### [EXERCISE PROMPT]
For each entry, repeat the text exactly and omit any picture it holds.

----- INFORMATION

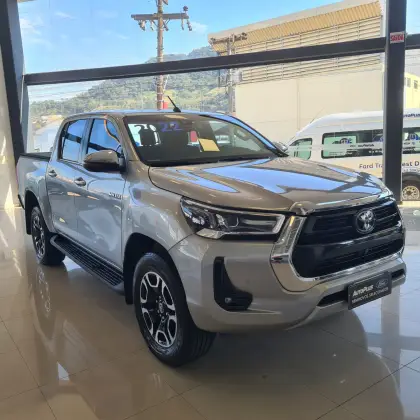 TOYOTA HILUX 2022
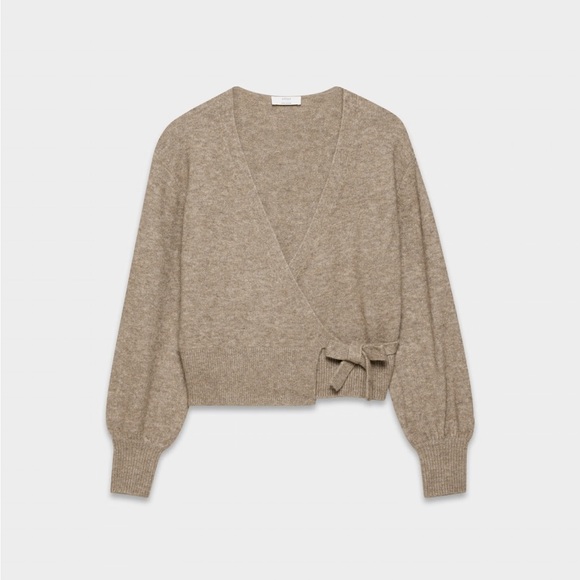 Aritzia Wilfred
SoftSpoke Cassidy Sweater - Picture 6 of 8
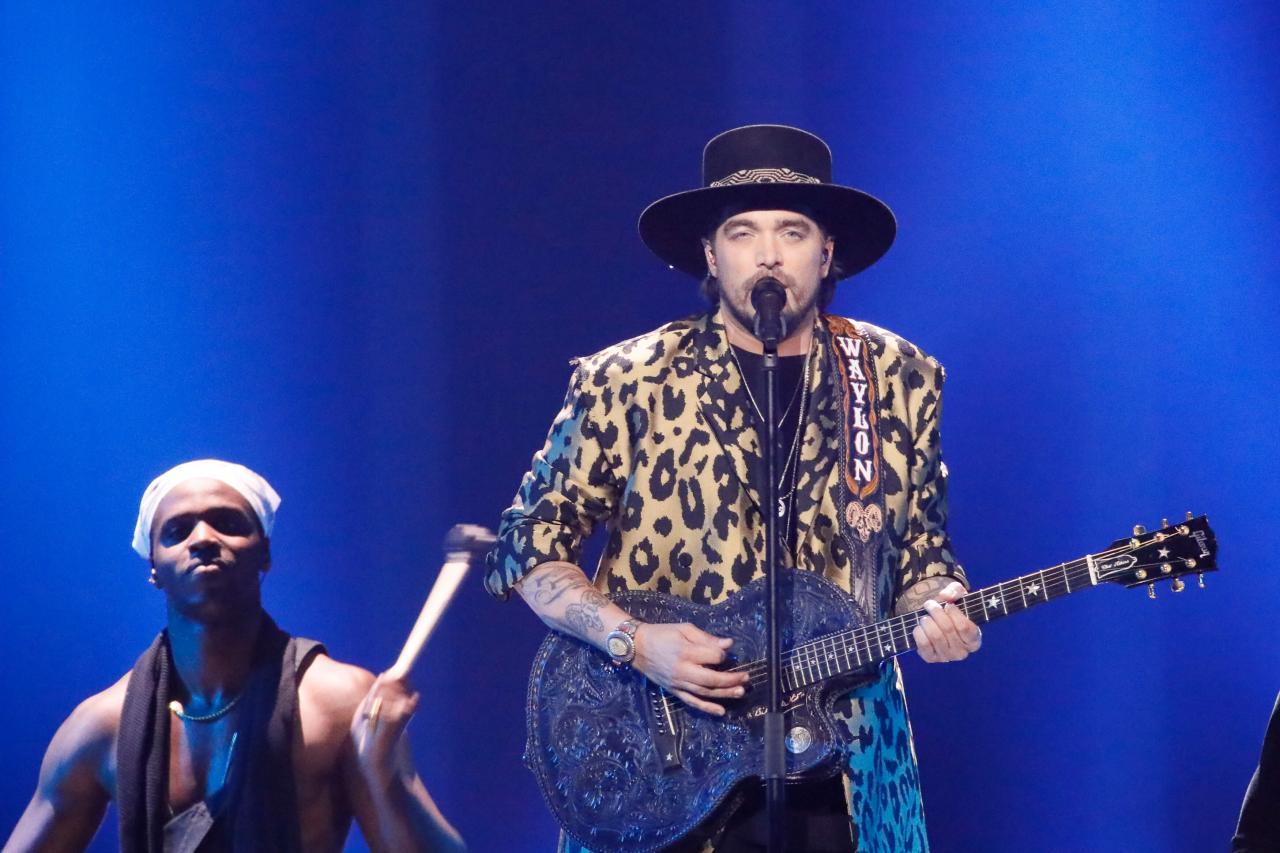 A leopard-print jacket added to the country theme (Andres Putting/Eurovision)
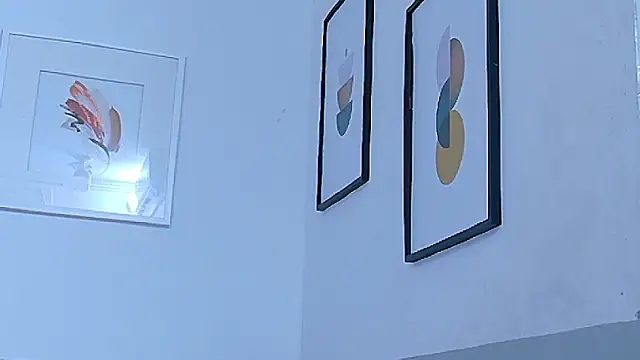 cutepetitee: онлайн-секс-чат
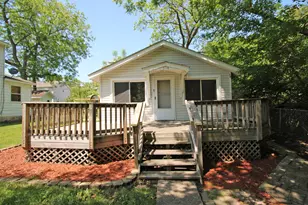 338 E Lakeview Ave, Round Lake Beach, IL 60073 - Photo 3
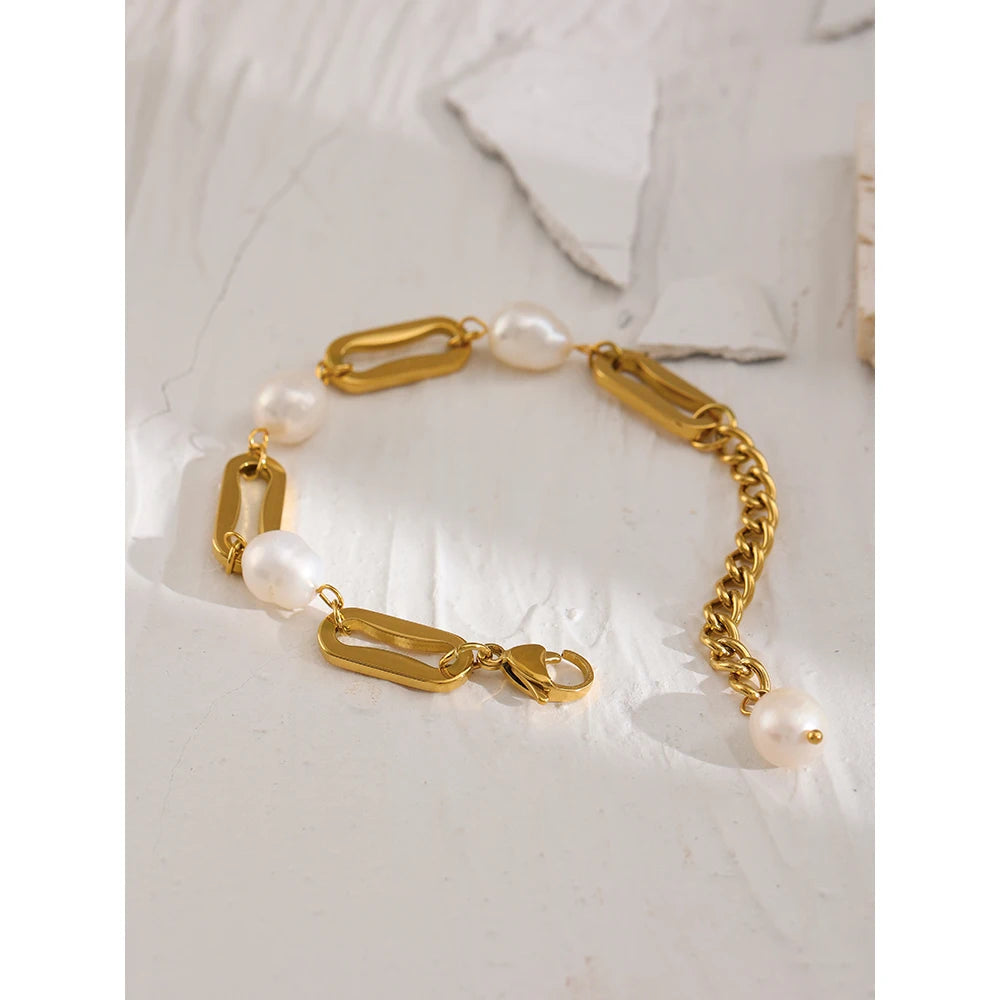 OceanGleam Pearl Bracelet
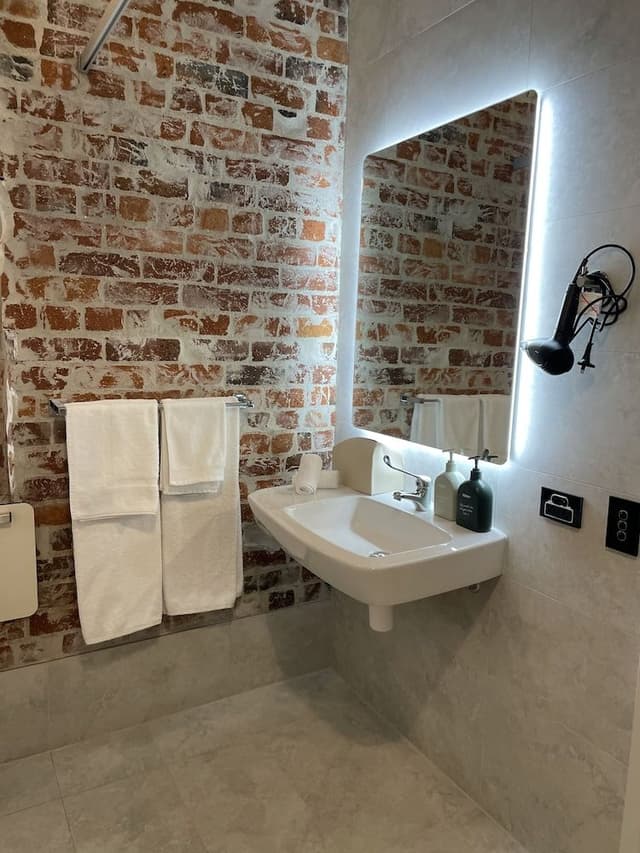 Comfort Room, 1 King Bed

----------

### [SOLUTION TO THIS TASK]
 TOYOTA HILUX 2022
 Aritzia Wilfred
SoftSpoke Cassidy Sweater - Picture 6 of 8
 A leopard-print jacket added to the country theme (Andres Putting/Eurovision)
 cutepetitee: онлайн-секс-чат
 338 E Lakeview Ave, Round Lake Beach, IL 60073 - Photo 3
 OceanGleam Pearl Bracelet
 Comfort Room, 1 King Bed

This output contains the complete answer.